Luis Chiesa, professor
UB Law School
Luis Chiesa.

Luis Chiesa

Luis Chiesa, who joins the UB Law faculty this summer, comes from a legal-minded family. His father is a law professor in Chiesa’s native Puerto Rico, and his mother is a practicing attorney. But, he says, it wasn’t always certain that he would end up in academia.

Chiesa studied business and accounting as an undergraduate at the University of Puerto Rico, and passed the exam to become a certified public accountant. But, he says, a love of the law ran deep inside him and as he considered career paths, “my sense was that legal academia was a really cool lifestyle choice. As a law professor you work a lot but you also have a lot of flexibility. You can choose what you want to read and research; you can be passionate about something and follow that; you’re given the time to do your research well, and publish and workshop your papers and your ideas. I just found that to be very attractive. I knew I wanted to teach as opposed to go to a big law firm.”

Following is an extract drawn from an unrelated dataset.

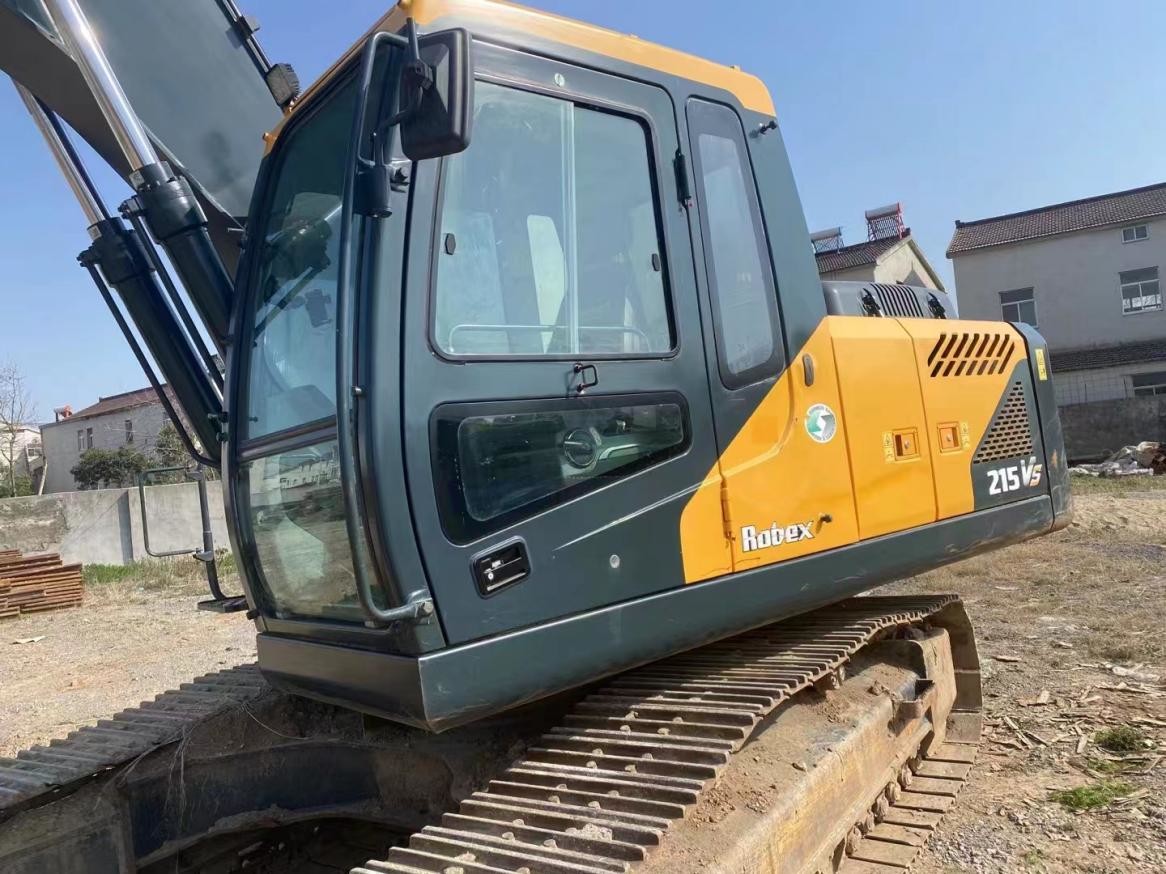 21ton Used Hyundai Excavators 215vs Machine Bucket Capacity 0.92 Cubic Meters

He followed that passion to the University of Puerto Rico Law School, where he graduated first in his class, and then to Columbia University, where he earned master’s and doctoral degrees in law. Since 2007, he has been at Pace University Law School in White Plains, N.Y., where he has taught his specialty, criminal law, as well as criminal procedure, torts and jurisprudence. He also has had visiting professorships in Bogotá, Seattle, Buenos Aires, Puerto Rico and Ottawa.

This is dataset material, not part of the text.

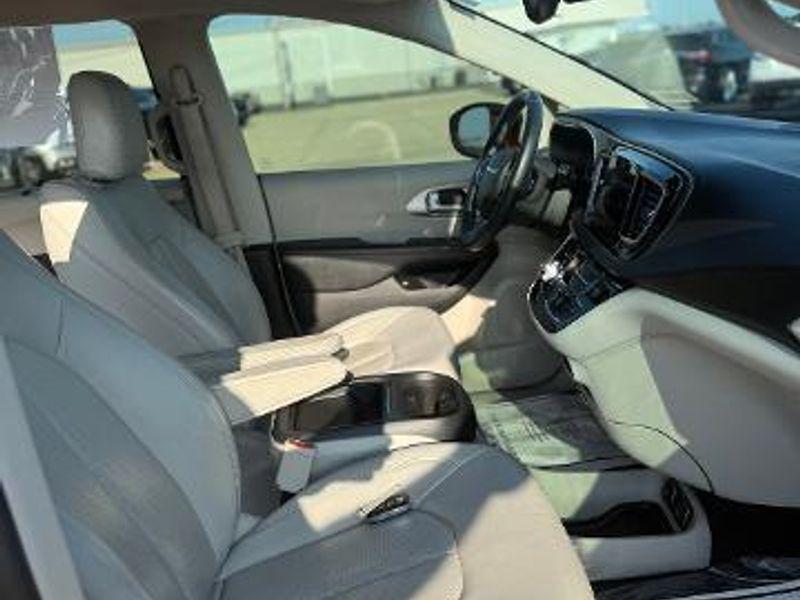 used 2018 Chrysler Pacifica Hybrid car, priced at $21,698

“I had always been attracted to Buffalo because of its criminal law program,” Chiesa says. “I decided that now was the time to move and go to a faculty where I would be surrounded by people who do what I do.”

What he does is substantive criminal law, which studies the elements of crime—describing, naming and understanding the conduct that is prohibited by criminal law. He brings the perspective of comparative law to the task, looking at the ways criminal law codes of other countries can inform an understanding of our own laws.

“You can learn a lot about your system by looking at other systems,” Chiesa says. “The way I explain it to my students is, in the legal world you can focus on the executive branch (the district attorney or attorney general), the legislative branch (Congress and state legislatures) or the judicial branch (a judge or clerk). Comparative law may be relevant in all three spheres.

“For example,” he says, “the Supreme Court is looking at how harshly other countries are punishing their criminals as a way of informing their understanding of the Eighth Amendment. In legislatures, if you want to change your criminal laws, it also makes sense to look at what other states and other countries are doing to see if they are coming up with new approaches to deal with old problems. If others are doing the same thing that you are, it probably means you are on the right track. If other countries have completely different views, that should raise a red flag.”

Chiesa also has published in the area of animal law, including an article titled “Why Is It a Crime to Stomp on a Goldfish?” that examines five ways to answer that question, concluding that the animal itself can have “coherent moral claims against being harmed.” The question, he says, is: “What sort of morally relevant features does an entity need in order to impose moral claims on people? Ultimately what matters is sentience, the capacity to feel pain.”

At UB, Chiesa will teach criminal law and procedure, as well as other courses. He also will direct the Buffalo Criminal Law Center, organizing symposiums, inviting scholars to Buffalo and contributing to the school’s master of laws program in criminal law. He’s also planning a book on comparative criminal law and hopes to use Spanish, his first language, in working with the Latin American Law Students Association and to “reach out to people in the SUNY Buffalo community generally, as well as scholars in different faculties.”

Chiesa and his wife, Karla, ski in the winter and hike in the summer. He says they have skied all along the East Coast, as well as out West, and have hiked trails in New York’s Catskills and the White Mountains of New Hampshire.